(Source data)
========

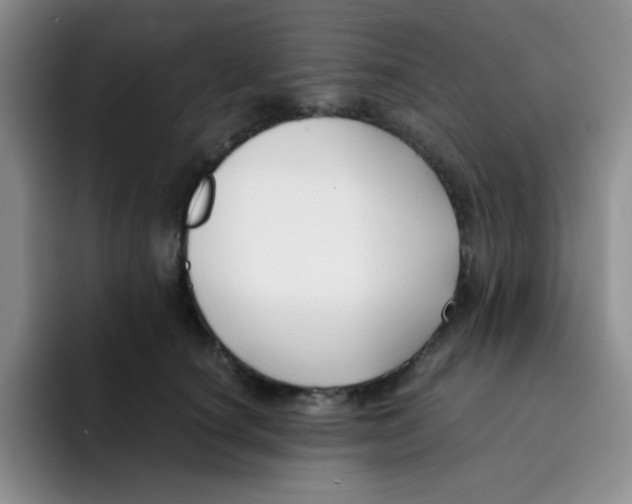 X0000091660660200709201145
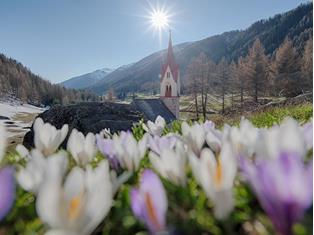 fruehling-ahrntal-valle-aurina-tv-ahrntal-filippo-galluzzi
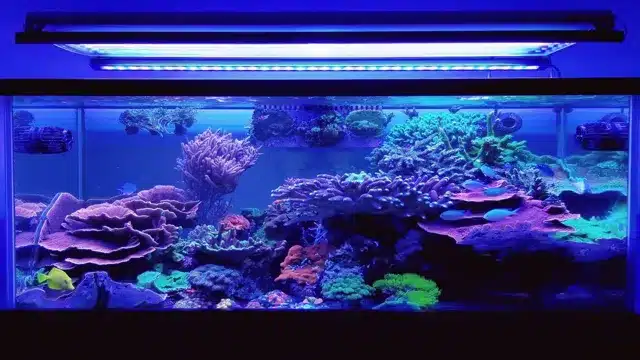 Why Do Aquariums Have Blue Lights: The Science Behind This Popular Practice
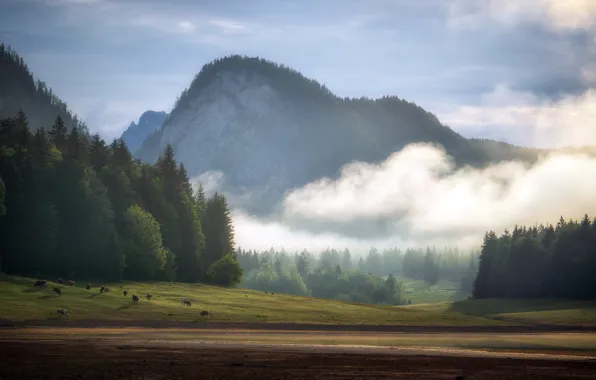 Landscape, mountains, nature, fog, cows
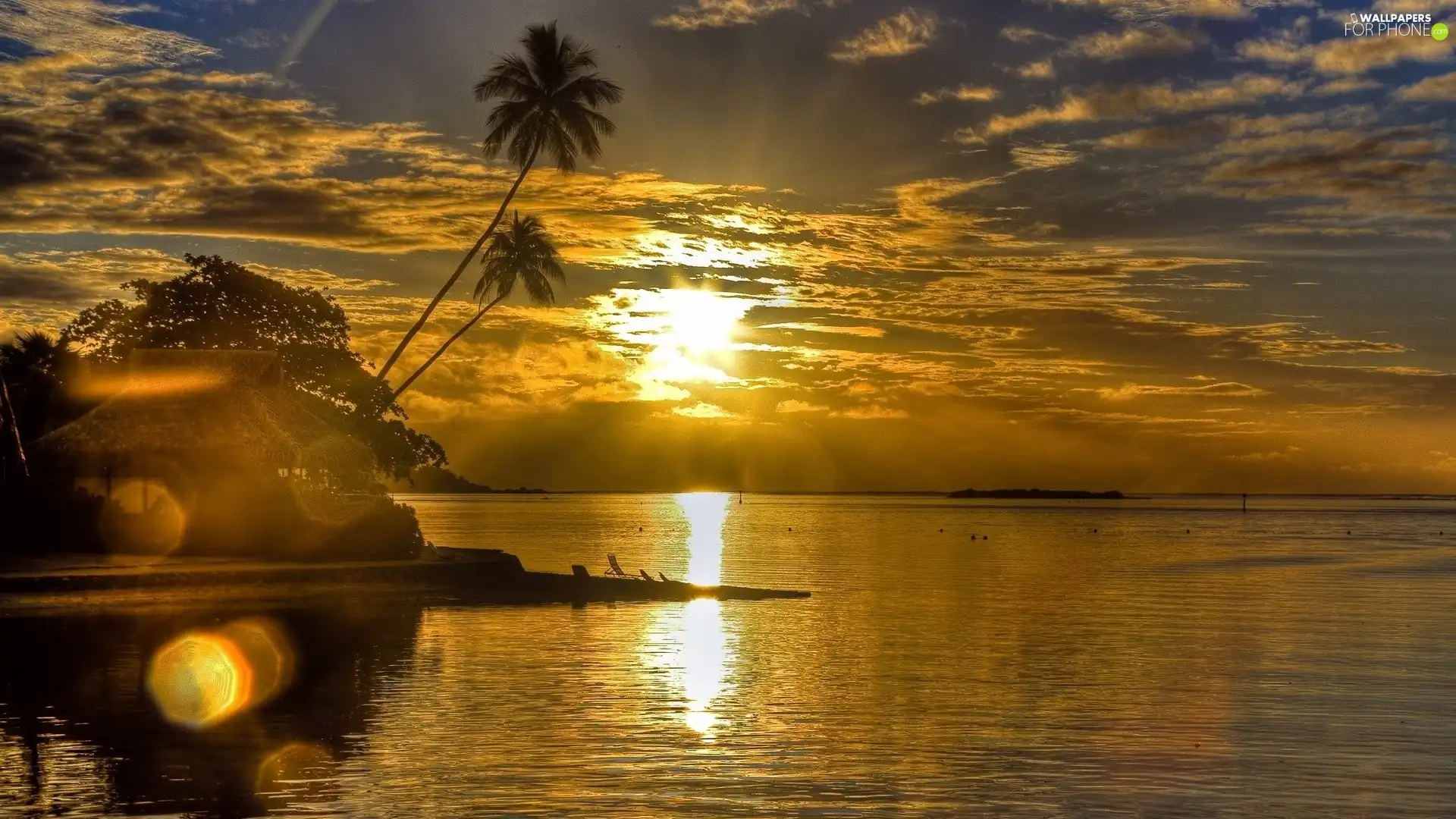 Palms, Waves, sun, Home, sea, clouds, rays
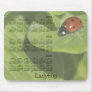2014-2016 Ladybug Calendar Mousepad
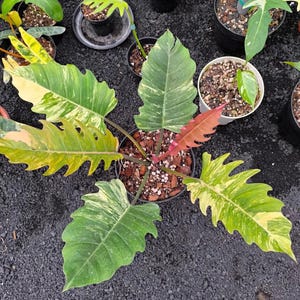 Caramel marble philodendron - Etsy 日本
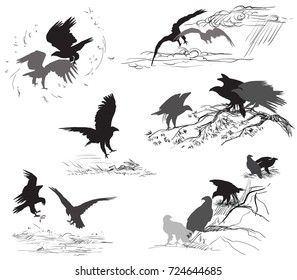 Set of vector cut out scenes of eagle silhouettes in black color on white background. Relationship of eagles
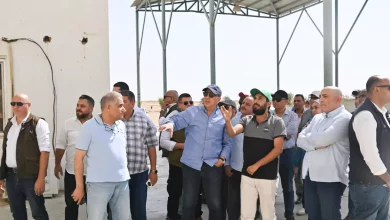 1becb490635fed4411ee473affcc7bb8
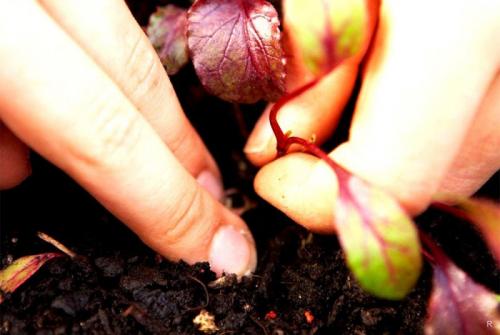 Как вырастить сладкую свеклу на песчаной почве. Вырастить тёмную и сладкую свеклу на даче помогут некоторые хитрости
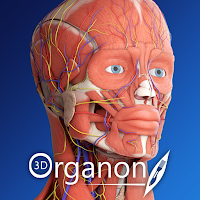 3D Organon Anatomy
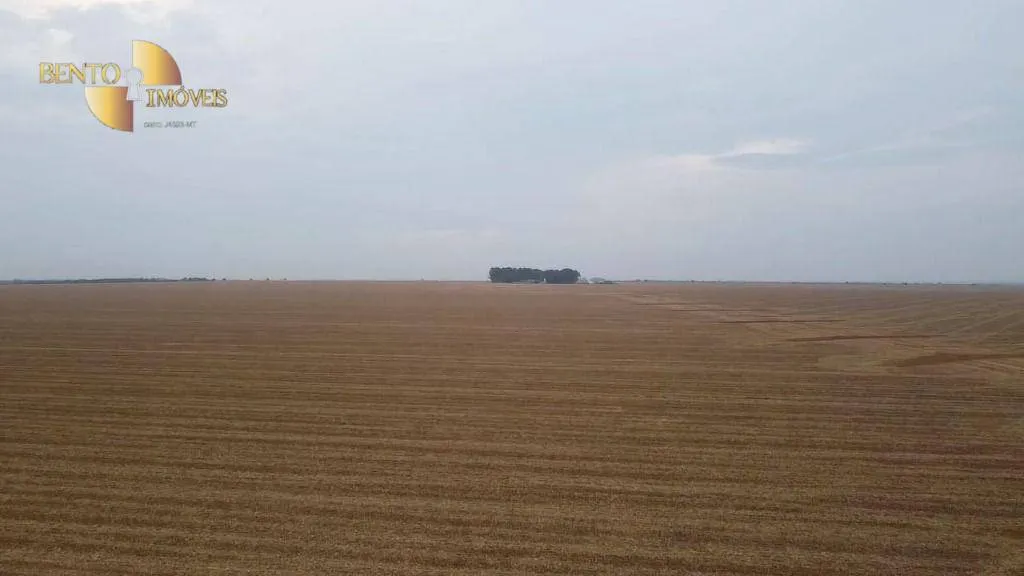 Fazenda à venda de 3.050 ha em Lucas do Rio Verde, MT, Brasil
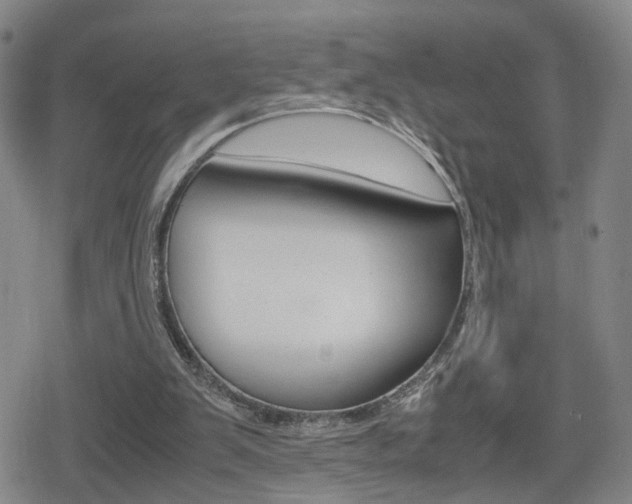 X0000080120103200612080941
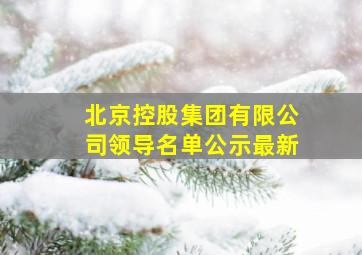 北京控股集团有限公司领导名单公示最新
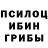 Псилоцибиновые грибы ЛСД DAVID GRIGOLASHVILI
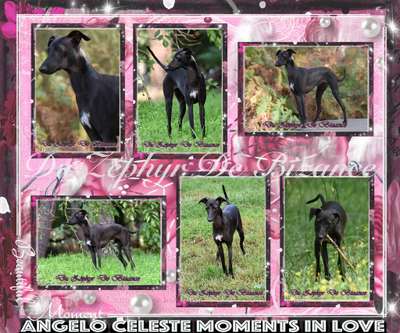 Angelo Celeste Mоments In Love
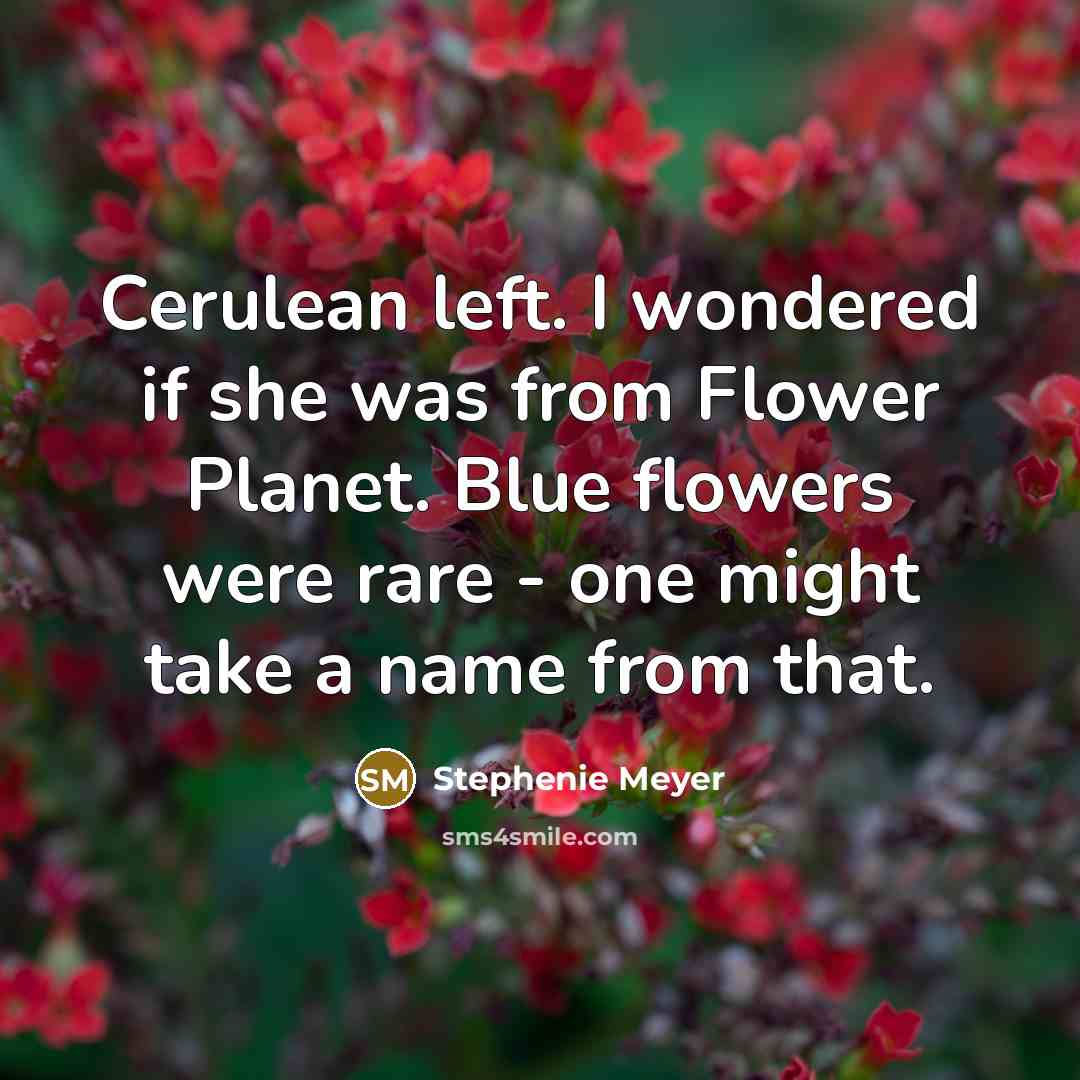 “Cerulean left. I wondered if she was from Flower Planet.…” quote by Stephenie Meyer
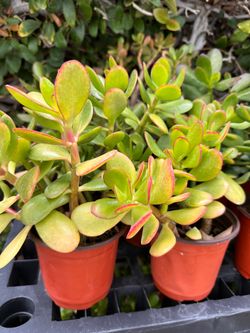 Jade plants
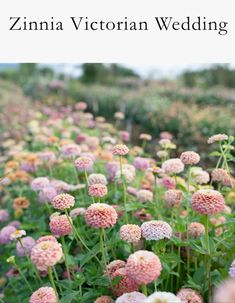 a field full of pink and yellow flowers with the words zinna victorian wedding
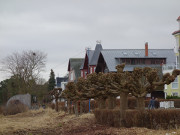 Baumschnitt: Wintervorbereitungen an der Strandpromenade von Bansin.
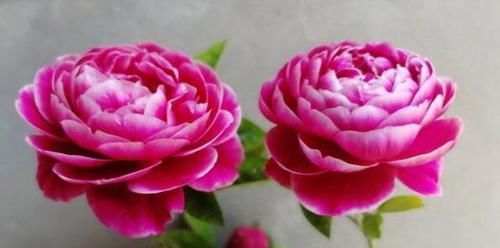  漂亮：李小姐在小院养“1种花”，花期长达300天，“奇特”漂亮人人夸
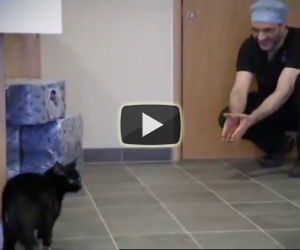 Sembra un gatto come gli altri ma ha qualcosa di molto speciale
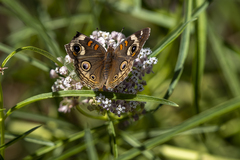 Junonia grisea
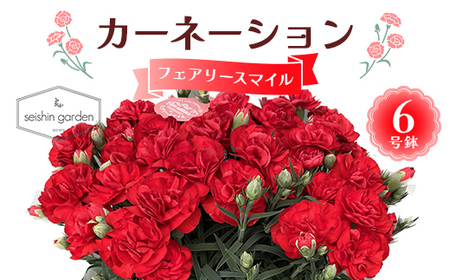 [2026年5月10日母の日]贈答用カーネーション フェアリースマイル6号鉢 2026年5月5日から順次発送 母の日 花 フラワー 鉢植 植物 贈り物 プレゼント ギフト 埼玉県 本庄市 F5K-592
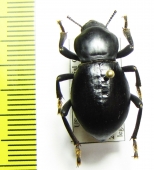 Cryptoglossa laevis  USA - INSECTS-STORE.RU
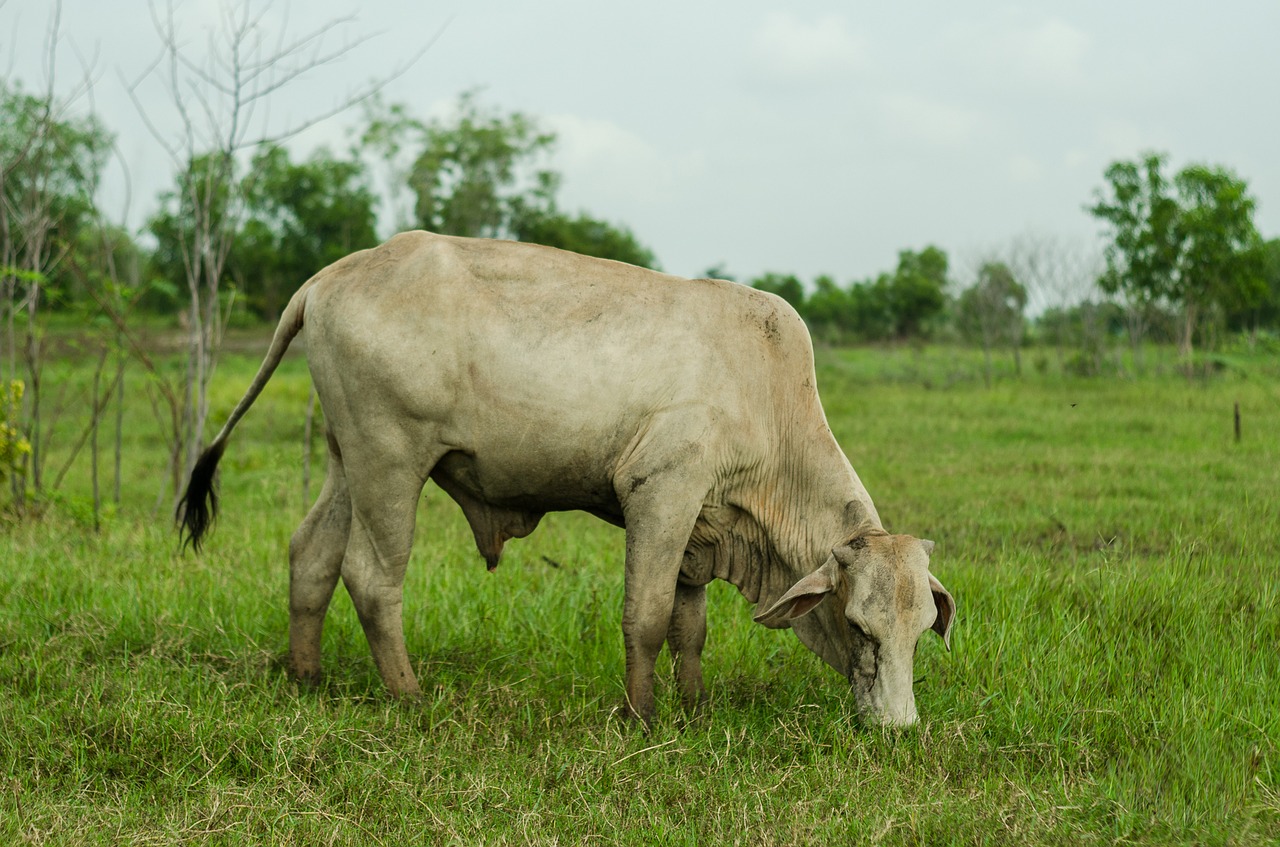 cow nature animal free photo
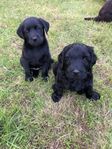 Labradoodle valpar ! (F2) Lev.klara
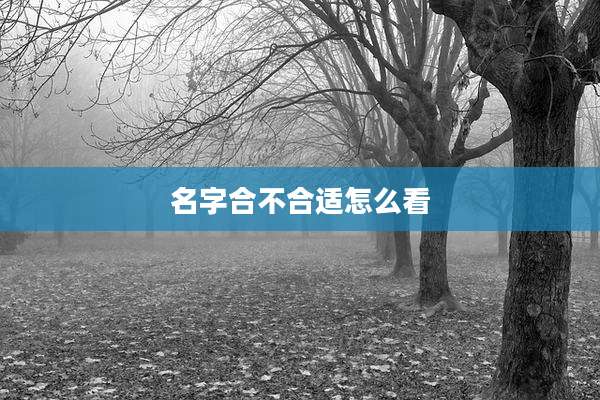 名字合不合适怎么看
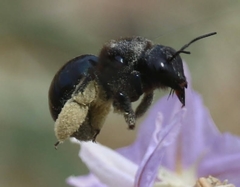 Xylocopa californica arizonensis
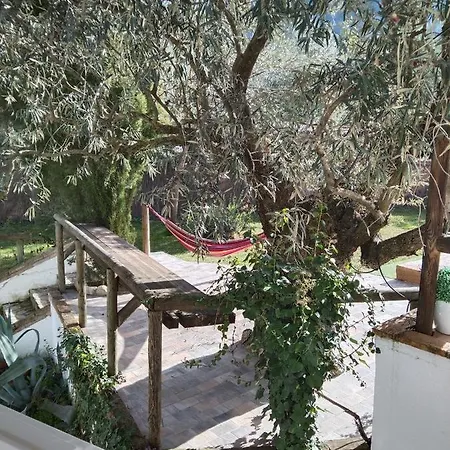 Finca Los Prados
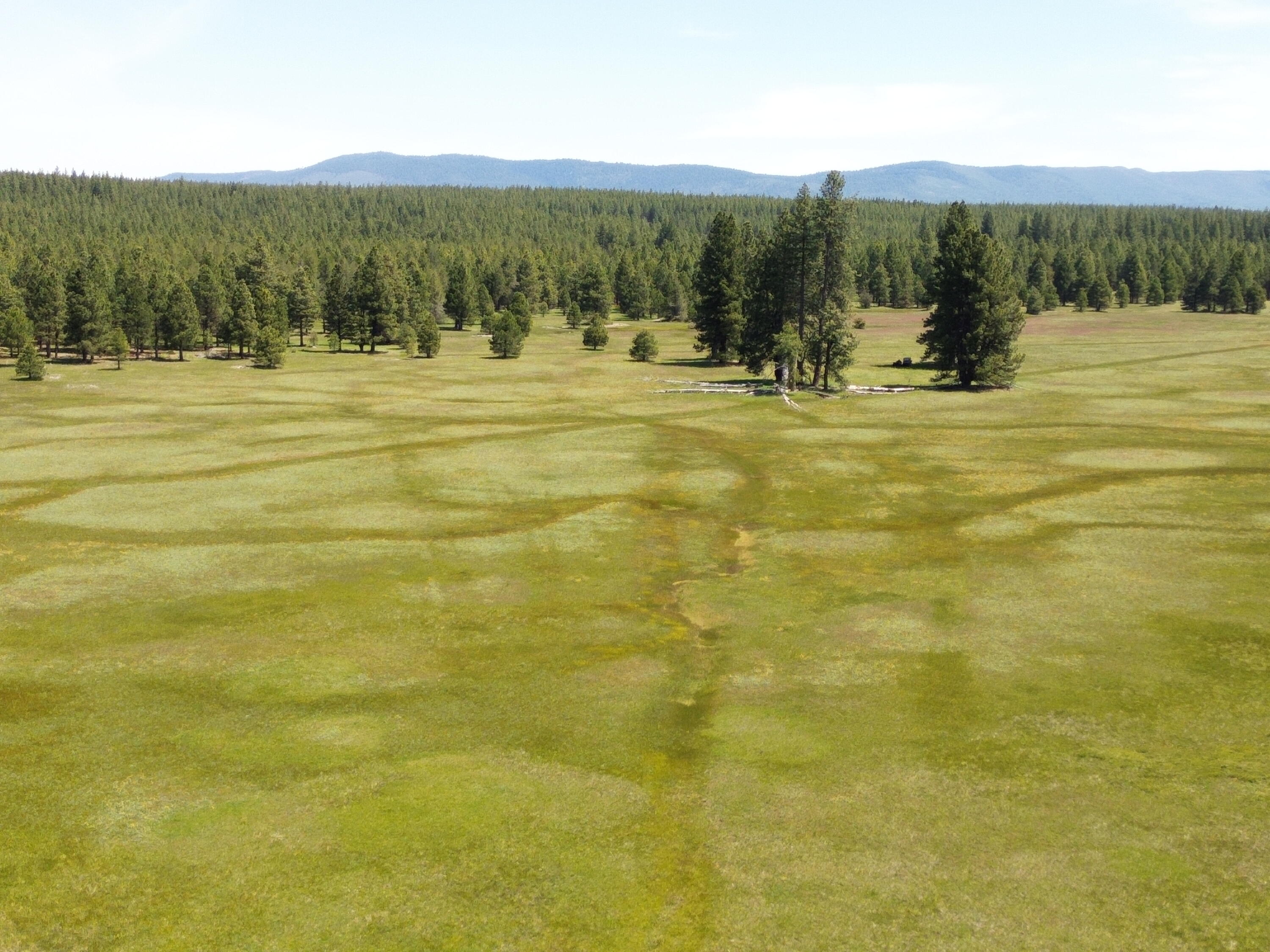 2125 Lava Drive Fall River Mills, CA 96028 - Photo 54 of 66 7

========

Task statement :: Return nothing but the lines running from the start of the data to the line with "北京控股集团有限公司领导名单公示最新", please, both ends included and no pictures.

Response for this exercise ::
 X0000091660660200709201145
 fruehling-ahrntal-valle-aurina-tv-ahrntal-filippo-galluzzi
 Why Do Aquariums Have Blue Lights: The Science Behind This Popular Practice
 Landscape, mountains, nature, fog, cows
 Palms, Waves, sun, Home, sea, clouds, rays
2014-2016 Ladybug Calendar Mousepad
 Caramel marble philodendron - Etsy 日本
 Set of vector cut out scenes of eagle silhouettes in black color on white background. Relationship of eagles
 1becb490635fed4411ee473affcc7bb8
 Как вырастить сладкую свеклу на песчаной почве. Вырастить тёмную и сладкую свеклу на даче помогут некоторые хитрости
 3D Organon Anatomy
 Fazenda à venda de 3.050 ha em Lucas do Rio Verde, MT, Brasil
 X0000080120103200612080941
 北京控股集团有限公司领导名单公示最新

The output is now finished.